While mining isn’t a specific use, nor is it prohibited within the town code, officials opted to pass a six-month freeze on mining, which was later renewed another six months in September. The moratorium stops the excavation of sand, gravel, topsoil, rock, and other natural materials.

“This is too important of an issue to just rush through,” Fleming said.

The topic of mining became a hot-button issues within the town after Kent Country Square LLC in 2019 proposed building a truck stop on a 137-acre parcel east of the intersection of Ludingtonville Road on Route 52, and 1,500 feet away from Kent Elementary School and Kent Primary School.

Original plans called for a gas station, a rest stop, truck service and repair shop, two hotels, an indoor waterpark, a restaurant, and convention center. Additionally, the plan would have resulted in the developer blasting 54 acres of rock and mining down 180 feet.

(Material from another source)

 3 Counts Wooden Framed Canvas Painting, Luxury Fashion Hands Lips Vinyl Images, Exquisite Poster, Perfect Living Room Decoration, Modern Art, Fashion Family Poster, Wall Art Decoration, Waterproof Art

While the developer withdrew the truck stop element of the project, residents had warned the contractor still planned to mine the site. Since then, officials have examined the town code and discussed not only identifying mining and creating new policies, but also strengthening regulations regarding work related to mining.

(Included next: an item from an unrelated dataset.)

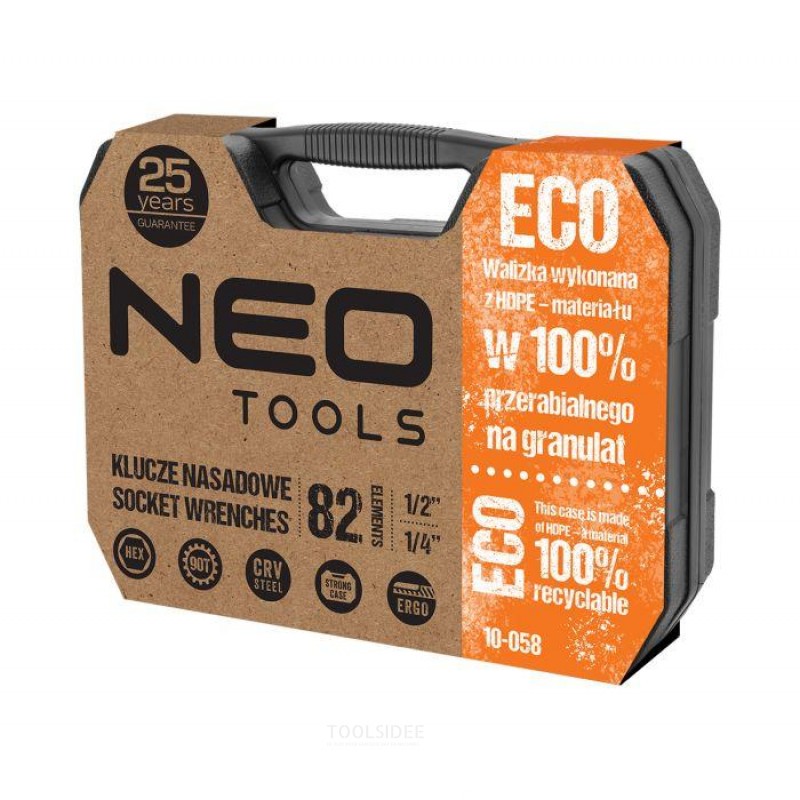NEO socket set 82 pieces, 1/2 and 1/4, eco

The board is now reviewing a series of amendments that would regulate mining and excavation work performed by potential developers in the town’s soil removal and zoning code laws. Officials have said it’s a simpler approach than creating a new and separate mining law.

Of the proposed amendments, the town would ensure no construction operation could be commenced or continued for the purpose of the sale or exchange of excavated topsoil, earth, sand, gravel, rock, or other substance from the ground.

Furthermore, a building permit would be required for any building and additional structures that require excavation or landfill necessary for construction, providing the volume of any excavated material removed from the property doesn’t exceed two times the volume of the foundation.

The building inspector would specify the maximum volume of excavated material that would be allowed for removal upon permit approval, according to the proposal. The mandate would also apply to all operations, such as proposed streets, rights-of-way, and drainage facilities, that require the removal of unearthed material.

An exemption to the law would be municipal and other public operations conducted by the Town of Kent, Putnam County or New York State.

Officials would also consider the location and size of the proposed operation, the nature and intensity of the work involved, and if the proposal upon completion will be and appropriate use for the district in which it is located. 

The board is currently in communication with the towns planning, zoning, and aggregation regarding the proposed amendments. Fleming said the town received comments from each group regarding the changes, which will likely be discussed publicly during an April meeting.

“We hopefully can work through their comments and come up with something that works for us,” Councilman Chris Ruthven said.